Galakkan Ketahanan Pangan Sejak Dini, Bupati Bone Lounching Program Pertanian Masuk Sekolah

BONE,TRENDSULSEL–Dalam rangka mendorong peserta didik menghadapi ketahanan pangan nasional, Bupati Bone H. Andi Asman Sulaiman, S. Sos., MM. Melaunching Pertanian Masuk Sekolah Di SMP Negeri 3 Watampone, Kamis 15/5/2025.

Lounching ditandai dengan tanam perdana bibit sayur mayur di lokasi sekolah.
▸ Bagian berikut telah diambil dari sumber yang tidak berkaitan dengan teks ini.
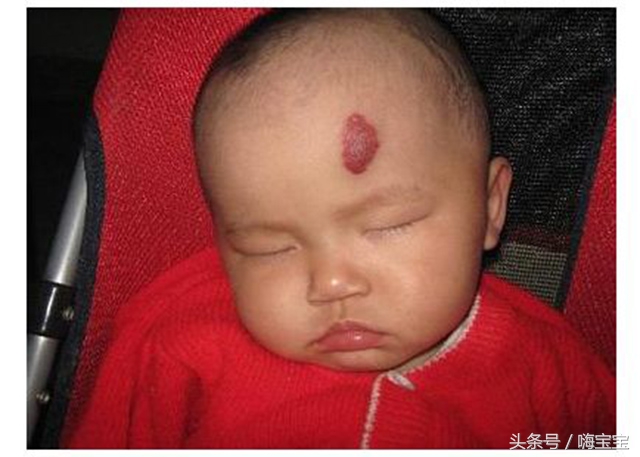 小孩皮肤胎记多,孩子身上各种颜色胎记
Hadir Dandim 1407 Bone Letkol. Inf. Laode Muhammad Idrus, Pj. Sekda Bone A. Saharuddin, Kadis Pendidikan Bone A. Fajaruddin, Plt Kadis Pertanian Bone Risal, Sekretaris Dinas Pertanian Bone Nurdin serta camat tanete riattang timur A. Ikbal Walinono.
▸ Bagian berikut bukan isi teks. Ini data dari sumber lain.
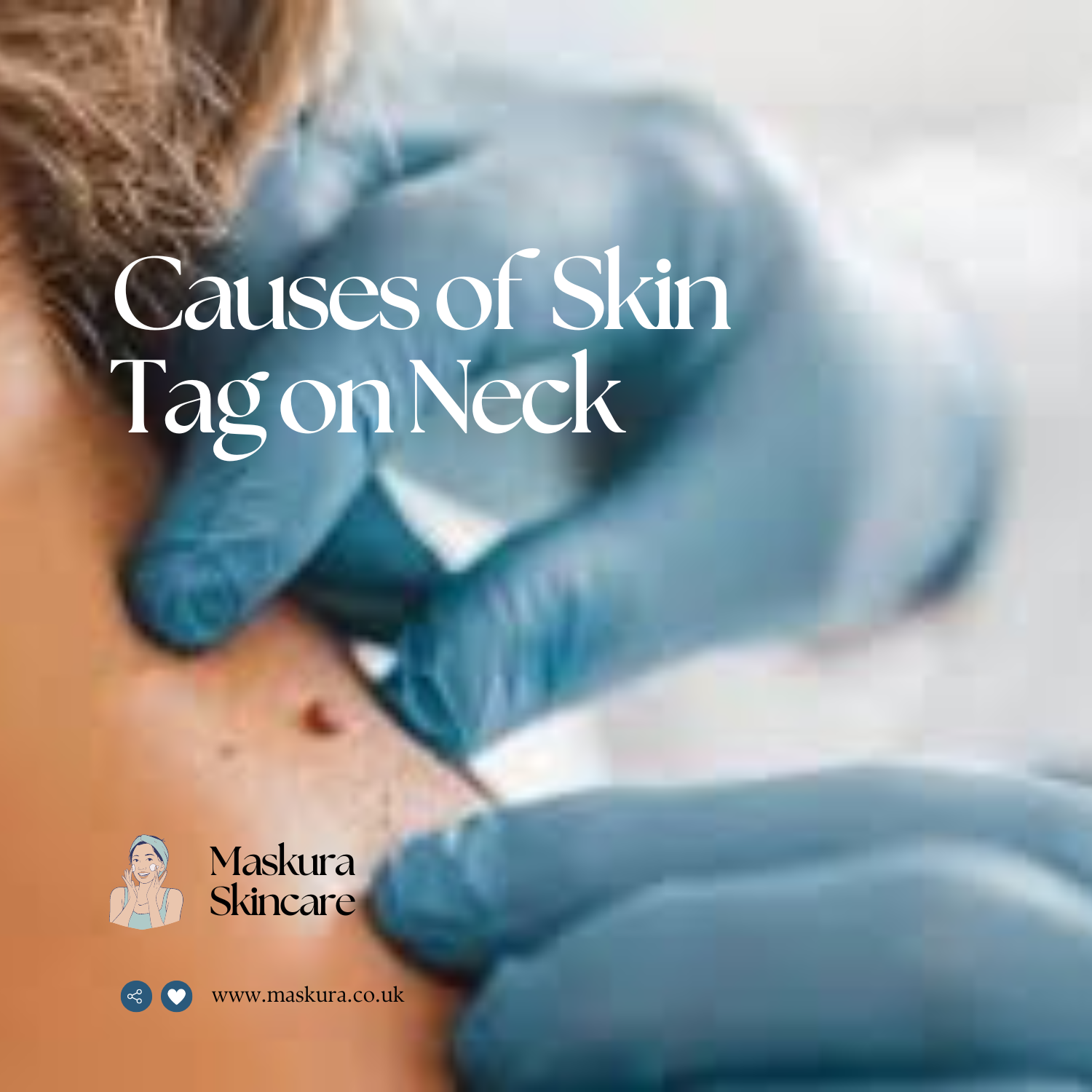 Skin Tag on Neck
Sambutan penerimaan Kadis Pendidikan Bone A. Fajaruddin mengatakan, selamat datang bapak bupati bone, Terima kasih telah menyempatkan diri hadir ditengah kita semua dalam rangka lounching pertanian masuk sekolah.

“Program ini juga sangat relevan dengan program makan bergizi sehat yang dicanangkan oleh Presiden Prabowo Subianto, sebagai penopang dalam menyediakan bahan baku” Tukasnya.

Dihadapan Bupati Bone, A. Fajaruddin melaporkan tentang kurikulum ketahanan pangan yang bakal diterapkan di jenjang sekolah dasar (SD) serta Sekolah Menengah Pertama (SMP) pada tahun ajaran baru.

“Kami laporkan kepada bapak bupati bone, bahwa Dinas Pendidikan Bone telah melakukan kerjasama dengan Icraf membuat kurikulum ketahanan pangan yang akan kita terapkan di jenjang pendidikan tingkat SD dan SMP se-Kabupaten Bone mulai pada tahun ajaran baru nantinya”.

Sementara itu, Bupati Bone mengajak para siswa dan siswi untuk lebih memahami dan mengenal dunia pertanian sejak dini sebagai modal dasar untuk menghadapi ketahanan pangan nasional.

“Program ini sebenarnya sudah lama, sengaja kita galakkan kembali agar siswa-siswi bisa lebih mengenal serta memahami dunia pertanian.  bagi para guru, wajib hukumnya program pertanian diberi akses. karena ketahanan pangan merupakan modal besar dalam menggerakan perekonomian negara”.

Baca Juga :  Kabupaten Bone Sabet Juara Stand Terbaik di Harkopnas ke-78 Jeneponto

Bupati Bone juga mengajak siswa dan siswi agar tidak takut kotor serta mampu memamfaatkan wadah bekas untuk menanam bibit sayur mayur maupun tanaman lainnya.

“Jangan takut kotor, karena menanam adalah modal dasar. pun, menanam tidak harus lahan yang luas, memamfaatkan wadah bekas seperti galon bekas, ember bekas cat serta wadah lainnya bisa digunakan untuk tanaman yang bermamfaat” urainya.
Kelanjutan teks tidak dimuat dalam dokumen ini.